(Beginning of Record set)

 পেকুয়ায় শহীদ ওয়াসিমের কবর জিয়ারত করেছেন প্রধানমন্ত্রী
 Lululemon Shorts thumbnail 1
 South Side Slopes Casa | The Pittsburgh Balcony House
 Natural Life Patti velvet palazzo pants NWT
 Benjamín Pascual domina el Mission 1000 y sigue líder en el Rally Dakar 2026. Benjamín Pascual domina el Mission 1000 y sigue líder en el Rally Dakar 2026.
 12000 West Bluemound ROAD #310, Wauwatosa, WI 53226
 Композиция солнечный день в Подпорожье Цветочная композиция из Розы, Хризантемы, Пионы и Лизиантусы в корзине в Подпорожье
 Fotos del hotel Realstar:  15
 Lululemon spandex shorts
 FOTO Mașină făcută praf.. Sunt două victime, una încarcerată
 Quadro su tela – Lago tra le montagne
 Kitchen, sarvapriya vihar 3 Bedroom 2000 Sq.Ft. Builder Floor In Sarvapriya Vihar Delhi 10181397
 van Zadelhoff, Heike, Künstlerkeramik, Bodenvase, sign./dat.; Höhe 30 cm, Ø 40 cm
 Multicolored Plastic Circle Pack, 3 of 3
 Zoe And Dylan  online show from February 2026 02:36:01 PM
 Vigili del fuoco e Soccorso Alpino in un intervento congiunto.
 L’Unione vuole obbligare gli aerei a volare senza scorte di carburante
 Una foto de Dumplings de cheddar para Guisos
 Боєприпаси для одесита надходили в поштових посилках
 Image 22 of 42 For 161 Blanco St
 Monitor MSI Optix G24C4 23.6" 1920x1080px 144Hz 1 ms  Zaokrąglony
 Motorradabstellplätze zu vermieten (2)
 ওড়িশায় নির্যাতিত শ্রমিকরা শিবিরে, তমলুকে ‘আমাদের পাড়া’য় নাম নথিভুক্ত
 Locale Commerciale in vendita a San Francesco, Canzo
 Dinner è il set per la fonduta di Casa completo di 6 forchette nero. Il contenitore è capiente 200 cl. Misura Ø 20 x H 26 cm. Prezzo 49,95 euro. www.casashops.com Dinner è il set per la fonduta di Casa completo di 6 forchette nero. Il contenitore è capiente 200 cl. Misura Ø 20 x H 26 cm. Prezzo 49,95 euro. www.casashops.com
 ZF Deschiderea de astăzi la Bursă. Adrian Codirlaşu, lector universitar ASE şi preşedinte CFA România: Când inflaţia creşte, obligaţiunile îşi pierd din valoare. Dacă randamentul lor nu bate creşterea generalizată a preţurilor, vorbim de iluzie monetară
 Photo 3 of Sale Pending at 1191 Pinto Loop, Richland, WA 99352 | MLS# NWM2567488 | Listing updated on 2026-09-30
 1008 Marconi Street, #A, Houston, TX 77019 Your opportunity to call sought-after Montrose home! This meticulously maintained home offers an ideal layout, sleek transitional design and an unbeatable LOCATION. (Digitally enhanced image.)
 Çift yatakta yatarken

(End of Record set)

Instructions for the task >>
Check every line of the data above for the string "Casa", and copy those that have it.

Result >>
 South Side Slopes Casa | The Pittsburgh Balcony House
 Dinner è il set per la fonduta di Casa completo di 6 forchette nero. Il contenitore è capiente 200 cl. Misura Ø 20 x H 26 cm. Prezzo 49,95 euro. www.casashops.com Dinner è il set per la fonduta di Casa completo di 6 forchette nero. Il contenitore è capiente 200 cl. Misura Ø 20 x H 26 cm. Prezzo 49,95 euro. www.casashops.com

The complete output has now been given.